Notice: This website is an unofficial Microsoft Knowledge Base (hereinafter KB) archive and is intended to provide a reliable access to deleted content from Microsoft KB. All KB articles are owned by Microsoft Corporation. Read full disclaimer for more details.

Internet Explorer Kerberos authentication does not work because of an insufficient buffer connecting to IIS


View products that this article applies to.

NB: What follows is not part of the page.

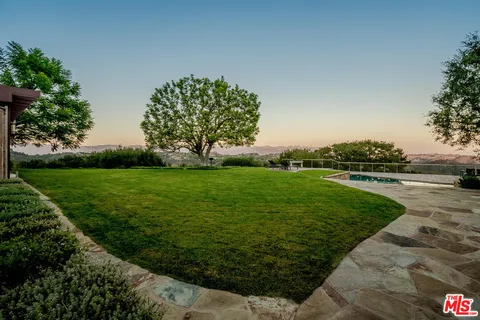 a view of a park with large trees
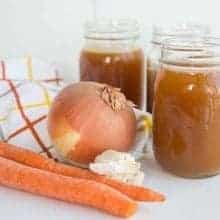 Crock Pot Bone Broth on Jars, Organic Carrots and Onion in kitchen cloth beside it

This article was previously published under Q269643
Important This article contains information about modifying the registry. Before you modify the registry, make sure to back it up and make sure that you understand how to restore the registry if a problem occurs. For information about how to back up, restore, and edit the registry, click the following article number to view the article in the Microsoft Knowledge Base:
256986 (http://support.microsoft.com/kb/256986/ ) Description of the Microsoft Windows Registry

↑ Back to the top


Symptoms

When you try to connect to a Microsoft Internet Information Server (IIS) computer that is configured to use Microsoft Windows 2000 authentication, you receive an Enter Network Password dialog box. When you try to log on, you may be prompted to provide your network credentials again, and after you do so, you may receive the following error message:
You are not authorized to view this page

You do not have permission to view this directory or page using the credentials you supplied.

↑ Back to the top


Cause

This problem can occur even though the credentials you provide are valid and can be utilized to obtain access to the same computer through the Microsoft Windows NT Server service by using the net use command. However, the Wininet.dll file may not allocate a sufficient buffer for containing the user's Kerberos token. For example, this can occur if the user is a member of more than 100 groups.

↑ Back to the top


Resolution

To resolve this problem, use the appropriate method for your version of Internet Explorer.

Internet Explorer 5.5

To resolve this problem with Internet Explorer 5.5, obtain and install Internet Explorer 5.5 Service Pack 2 or later.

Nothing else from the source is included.